Bisnis.com, JAKARTA – Perusahaan kosmetik yang bangkrut Revlon Inc. kemungkinan akan mengejar restrukturisasi utang yang menyerahkan seluruh kepemilikan saham perusahaan kepada para kreditur pemberi pinjaman.
Mengutip Bloomberg, Selasa (20/12/2022), Revlon memasuki perjanjian dukungan restrukturisasi dengan kreditur pemberi pinjaman kritis dan komite resmi kreditur tanpa jaminan pada Senin (19/12/2022) waktu setempat.
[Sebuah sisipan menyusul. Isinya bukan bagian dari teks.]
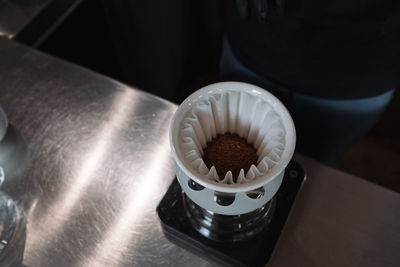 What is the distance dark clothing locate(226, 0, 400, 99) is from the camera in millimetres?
573

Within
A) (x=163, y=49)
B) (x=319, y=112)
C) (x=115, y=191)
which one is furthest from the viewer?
(x=163, y=49)

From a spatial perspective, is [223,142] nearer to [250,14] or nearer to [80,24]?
[250,14]

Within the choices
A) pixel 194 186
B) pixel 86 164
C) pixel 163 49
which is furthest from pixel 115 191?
pixel 163 49

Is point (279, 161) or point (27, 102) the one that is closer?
point (279, 161)

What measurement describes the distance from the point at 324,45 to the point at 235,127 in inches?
9.9

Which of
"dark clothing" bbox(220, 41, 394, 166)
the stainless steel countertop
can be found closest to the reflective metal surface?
the stainless steel countertop

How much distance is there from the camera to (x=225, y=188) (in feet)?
1.25

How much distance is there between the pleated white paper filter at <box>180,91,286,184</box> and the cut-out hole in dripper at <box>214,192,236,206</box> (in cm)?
2

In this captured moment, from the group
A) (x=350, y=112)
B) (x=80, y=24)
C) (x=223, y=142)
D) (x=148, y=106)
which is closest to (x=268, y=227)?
(x=223, y=142)

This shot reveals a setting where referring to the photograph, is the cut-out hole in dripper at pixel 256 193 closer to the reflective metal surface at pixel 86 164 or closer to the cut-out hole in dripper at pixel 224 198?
the cut-out hole in dripper at pixel 224 198

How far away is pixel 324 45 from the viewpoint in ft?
2.05

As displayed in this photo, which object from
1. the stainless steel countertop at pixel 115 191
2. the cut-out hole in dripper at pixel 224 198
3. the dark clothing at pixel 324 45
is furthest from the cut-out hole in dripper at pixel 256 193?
the dark clothing at pixel 324 45

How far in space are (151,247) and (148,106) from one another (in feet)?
0.74

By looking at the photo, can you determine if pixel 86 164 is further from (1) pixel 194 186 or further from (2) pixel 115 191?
(1) pixel 194 186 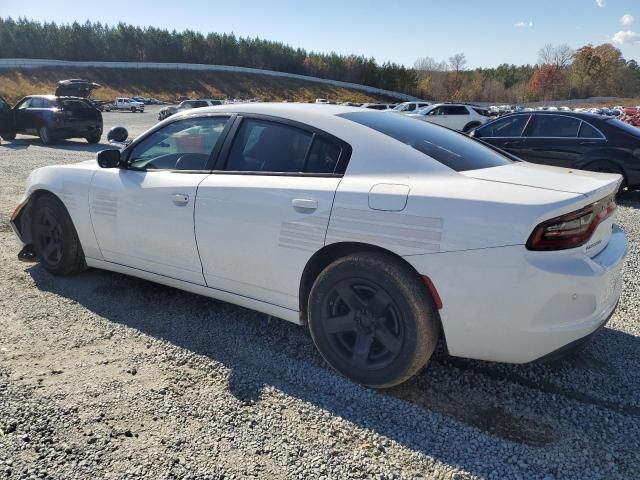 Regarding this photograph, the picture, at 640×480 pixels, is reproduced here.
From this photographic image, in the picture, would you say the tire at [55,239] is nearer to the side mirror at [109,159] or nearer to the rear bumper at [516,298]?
the side mirror at [109,159]

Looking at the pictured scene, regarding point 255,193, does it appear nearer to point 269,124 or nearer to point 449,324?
point 269,124

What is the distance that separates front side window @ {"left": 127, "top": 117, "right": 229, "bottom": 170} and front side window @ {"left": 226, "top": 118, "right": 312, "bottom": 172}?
22cm

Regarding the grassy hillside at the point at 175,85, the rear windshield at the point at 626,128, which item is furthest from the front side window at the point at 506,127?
the grassy hillside at the point at 175,85

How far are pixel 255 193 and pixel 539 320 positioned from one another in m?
1.69

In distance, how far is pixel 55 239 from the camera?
14.0ft

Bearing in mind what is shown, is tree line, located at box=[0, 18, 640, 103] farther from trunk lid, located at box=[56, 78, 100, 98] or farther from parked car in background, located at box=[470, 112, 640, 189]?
parked car in background, located at box=[470, 112, 640, 189]

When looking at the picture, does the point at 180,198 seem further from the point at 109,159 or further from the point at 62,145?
the point at 62,145

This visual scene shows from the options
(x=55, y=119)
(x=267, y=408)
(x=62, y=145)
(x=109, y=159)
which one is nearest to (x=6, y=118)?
(x=62, y=145)

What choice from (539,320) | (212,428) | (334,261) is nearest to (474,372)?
(539,320)

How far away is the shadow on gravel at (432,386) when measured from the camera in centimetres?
239

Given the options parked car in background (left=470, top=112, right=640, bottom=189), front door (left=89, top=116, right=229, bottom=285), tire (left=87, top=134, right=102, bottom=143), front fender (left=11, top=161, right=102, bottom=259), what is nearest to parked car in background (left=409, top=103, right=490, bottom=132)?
tire (left=87, top=134, right=102, bottom=143)

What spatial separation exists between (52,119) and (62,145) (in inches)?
37.6

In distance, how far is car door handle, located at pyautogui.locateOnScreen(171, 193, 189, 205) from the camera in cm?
331

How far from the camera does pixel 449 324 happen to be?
8.17 feet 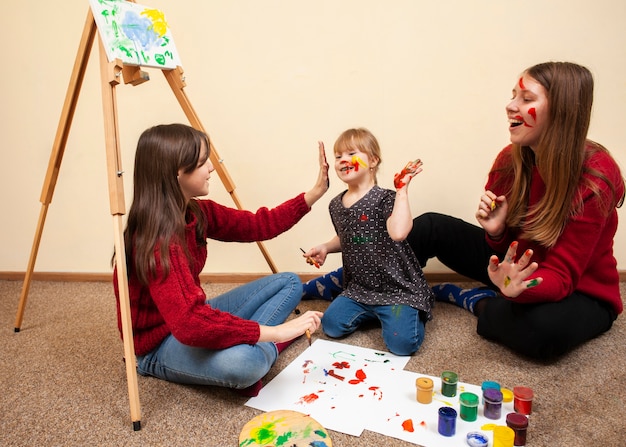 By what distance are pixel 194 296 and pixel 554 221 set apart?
3.18 feet

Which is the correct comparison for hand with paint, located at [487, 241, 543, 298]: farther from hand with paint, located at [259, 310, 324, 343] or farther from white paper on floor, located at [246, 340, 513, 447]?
hand with paint, located at [259, 310, 324, 343]

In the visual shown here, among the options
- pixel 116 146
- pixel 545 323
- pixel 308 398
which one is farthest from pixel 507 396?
pixel 116 146

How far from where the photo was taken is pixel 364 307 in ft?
5.28

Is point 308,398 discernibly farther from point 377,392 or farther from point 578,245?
point 578,245

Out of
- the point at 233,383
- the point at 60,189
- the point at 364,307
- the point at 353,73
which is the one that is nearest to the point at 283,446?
the point at 233,383

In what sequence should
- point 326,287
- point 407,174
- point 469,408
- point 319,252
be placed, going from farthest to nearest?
point 326,287
point 319,252
point 407,174
point 469,408

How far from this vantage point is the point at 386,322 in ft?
4.98

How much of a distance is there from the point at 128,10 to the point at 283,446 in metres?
1.23

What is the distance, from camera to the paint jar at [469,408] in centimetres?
110

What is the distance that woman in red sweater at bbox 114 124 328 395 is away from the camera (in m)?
1.17

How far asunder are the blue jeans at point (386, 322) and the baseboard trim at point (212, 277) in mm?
517

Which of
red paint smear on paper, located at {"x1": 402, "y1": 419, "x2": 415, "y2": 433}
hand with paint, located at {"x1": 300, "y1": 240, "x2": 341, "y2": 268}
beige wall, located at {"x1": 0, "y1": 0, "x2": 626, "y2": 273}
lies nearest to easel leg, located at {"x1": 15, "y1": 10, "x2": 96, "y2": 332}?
beige wall, located at {"x1": 0, "y1": 0, "x2": 626, "y2": 273}

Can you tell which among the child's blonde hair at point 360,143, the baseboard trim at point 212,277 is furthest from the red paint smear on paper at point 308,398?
the baseboard trim at point 212,277

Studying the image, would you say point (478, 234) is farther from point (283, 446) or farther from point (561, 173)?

Kesepakatan itu menegaskan upaya untuk membagi saham kepemilikan di Revlon kepada pemberi pinjaman yang terjamin, sementara sebagian besar kreditor peringkat terendah perusahaan ditiadakan dan meninggalkan pemegang saham yang ada tanpa apa-apa.
Perjanjian tersebut mengasumsikan Revlon akan meminta persetujuan pengadilan kebangkrutan atas rencana untuk menyerahkan kepemilikan saham kepada pemberi pinjaman dalam beberapa bulan mendatang, tetapi memungkinkan perusahaan untuk menjual dirinya sendiri jika ditemukan calon pembeli yang berkantong tebal.
Berdasarkan dokumen kesepakatan itu, Revlon harus menyerahkan rencana tersebut kepada hakim kebangkrutannya minggu ini dan keluar dari perlindungan kebangkrutan chapter 11 pada April 2023.
Seperti diketahui, Revlon mengajukan kebangkrutan pada Juni 2022 setelah beban utang yang mencapai lebih dari US$3,5 miliar terbukti terlalu memberatkan.
Baca Juga
Perusahaan, yang dimiliki oleh MacAndrews & Forbes milik miliarder Ron Perelman, telah berjuang dalam beberapa tahun terakhir untuk bersaing dengan merek-merek kosmetik baru.
Adapun perjanjian kreditur terbaru ini datang pada hari yang sama ketika pertempuran jangka panjang antara Citigroup Inc. dan beberapa pemberi pinjaman Revlon atas pembayaran utang US$900 juta yang secara tidak disengaja ditransfer akhirnya berakhir.
Gugatan terkait kasus itu secara resmi dibatalkan pada Senin setelah pemberi pinjaman setuju untuk mengembalikan bagian mereka dari pembayaran yang salah.
Saham Revlon sempat melonjak hampir 300 persen pada Senin hingga menembus US$1,37, sebelum dengan cepat jatuh kembali di bawah US$1. Saham tersebut, kadang-kadang, populer di kalangan investor ritel meskipun mengalami kebangkrutan.